InfBaGel: Human-Object-Scene Interaction Generation with Dynamic Perception and Iterative Refinement
Abstract
Human–object–scene interactions (HOSI) generation has broad applications in embodied AI, simulation, and animation. Unlike human–object interaction (HOI) and human–scene interaction (HSI), HOSI generation requires reasoning over dynamic object–scene changes, yet suffers from limited annotated data.

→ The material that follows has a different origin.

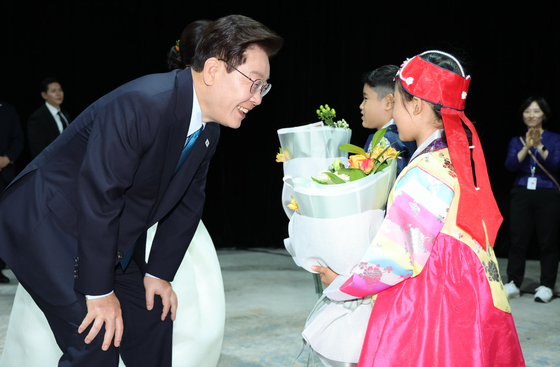 꽃다발 받는 이재명 대통령 부부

To address these issues, we propose a coarse‑to‑fine instruction‑conditioned interaction generation framework that is explicitly aligned with the iterative denoising process of a consistency model. In particular, we adopt a dynamic perception strategy that leverages trajectories from the preceding refinement to update scene context and condition subsequent refinement at each denoising step of consistency model, yielding consistent interactions. To further reduce physical artifacts, we introduce a bump‑aware guidance that mitigates collisions and penetrations during sampling without requiring fine‑grained scene geometry, enabling real‑time generation. To overcome data scarcity, we design a hybrid training startegy that synthesizes pseudo‑HOSI samples by injecting voxelized scene occupancy into HOI datasets and jointly trains with high‑fidelity HSI data, allowing interaction learning while preserving realistic scene awareness. Extensive experiments demonstrate that our method achieves state‑of‑the‑art performance in both HOSI and HOI generation, and strong generalization to unseen scenes. Code and datasets will be released upon acceptance.